Tales tell of a powerful Elven wizard named Finarfen who, many ages past, came to dwell in the ancient, lost city of Elutheria. Scholarly research indicates that while Finarfen dwelt in Elutheria, he became one of the founding members of the Synfari; the all-powerful, elven Council of Wizards.

Finarfen is said to have devised many powerful spells, and perfected many processes and items now widely known and used in wizardly circles. But his greatest, and most controversial creation was a labyrinth of underground rooms and passages called the "Living Catacombs;" a dungeon stretching down thirty-three levels underground.

Whatever the truth about Finarfen or his origins, the accounts all tell the same story of his later years; that over three thousand years ago, he suddenly broke off all contact with his fellow elves and left the city of Elutheria forever.

Accompanied by his seven apprentices, Finarfen then made his new home in the very Catacombs he had created. To build the ever-expanding labyrinth of passages, Finarfen summoned and enslaved all manner of creatures from other planes.

Sadly, Finarfen’s dealings with those summoned servitors changed him forever. The more Finarfen avoided contact with other elves, and dealt with these strange extra-planar creatures, the more obsessed he became. He grew grim; given to long silences, sudden rages, and erratic behavior. All Finarfen seemed to care about was creating more rooms, additional laboratories, and long passages beneath his tower.

This work went on for centuries. As Finarfen dug ever deeper, the tunnels eventually broke into the ancient, lost dwarven city of Nekrum Feyr; once home to the long-vanquished Delarkyn Clan, which even then, was only a fading memory.

The Underhalls of the ill-fated Delarkyn Clan were large and grand; built to the scale of tall men, rather than the shorter dwarves. These halls guarded an ancient, well known Tilvium-mine known as "Ironhold;" which extended far beneath Atharavon. The underground region surrounding Nekrum-Feyr was known to the ancient dwarves as Tor-Kazon. It was this rich supply of Tilvium that had drawn the attention of the dwarves' most hated enemies.

Long before Finarfen's arrival, all the members of the Delarkyn Clan had been either slain or scattered from the depths of the Underdark by repeated assaults by both the Duergar and the Dark-Elves. The former dwarven halls then became the lairs of these vile races; both of which were still in residence when Finarfen found his way into Ironhold.

By the time of Finarfen's arrival, the Tilvium mines had run out, and most of the duergar had moved on. But the Drow, however, still maintained a strong presence in Ironhold. In a series of bloody skirmishes and pitched battles, Finarfen and his armies of summoned creatures are believed to have eradicated the last organized remnants of the Dark-Elves. His seven apprentices often wrote in their diaries of their Master’s increasingly dangerous expeditions against the hated Drow.

Throughout the Underdark today, the phrase ‘Finarfen’s Hunt’ still retains its meaning as a berserk raid or horrible bloody slaughter.

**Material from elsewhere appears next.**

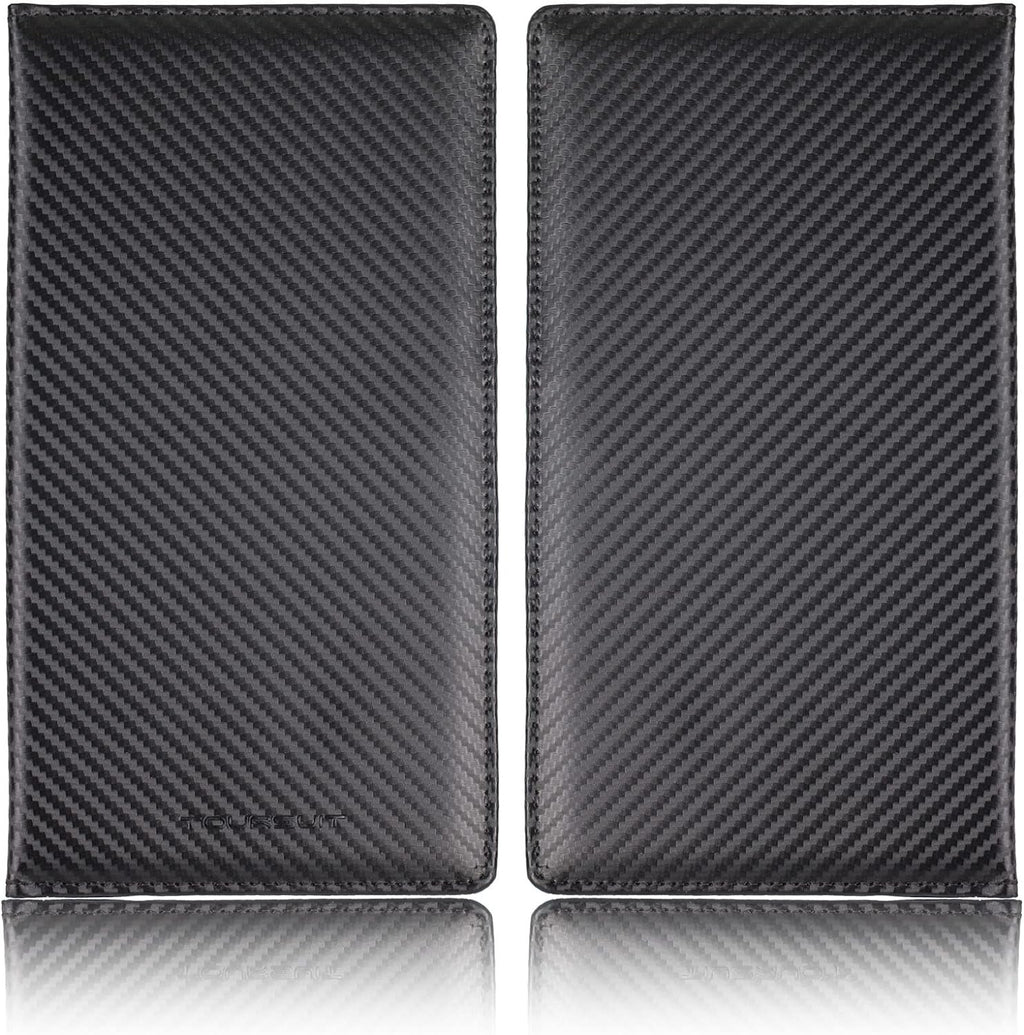 Car Registration & Insurance Card Holder, Carbon Fiber Black | Vehicle License Document Organizer, Glove Box Compartment, Interior Car Accessories, For Women Men - view 3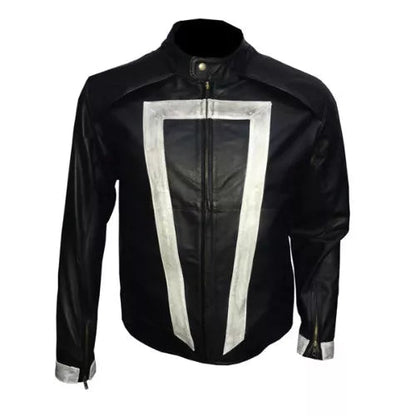 Agents Of Shield Gabriel Luna Ghost Rider Faux Leather Jacket image 1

The apprentices even hinted at some captured Drow being transformed and then enslaved into Finarfen’s service.

With the Drow gone or magically twisted into grotesque servant-creatures, Finarfen banished his summoned, extra-planar slaves to their home planes and moved permanently into the subterranean dungeon; abandoning his tower forever.

His curious apprentices, upon exploring the tower, found only traps awaiting them, baited with powerful magics and enigmatic messages hinting that true power awaited them below. One by one, as their courage and capabilities took them, the Seven went below in search of their Master.

The seven apprentices found a strange, dangerous, labyrinthine world awaiting them. Finarfen stored his treasures, experiments, victuals and necessities, magical items, and servants in these underhalls. Here, he thought himself safe from prying intrusions, theft and attacks by thieves, hostile brigands of all sorts, as well as his sorcerous foes.

At first, Finarfen sent his guardian creatures and traps against the Seven, testing both his students and the defenses of his new underground home. After the deaths of two of his apprentices, Finarfen stopped these attacks and instead enlisted his remaining students' help to add to the security of his underground realm.

Finarfen then reworked his defensive barrier-spells to allow his apprentices limited access to areas of the Catacombs by the use of specially crafted magic rings.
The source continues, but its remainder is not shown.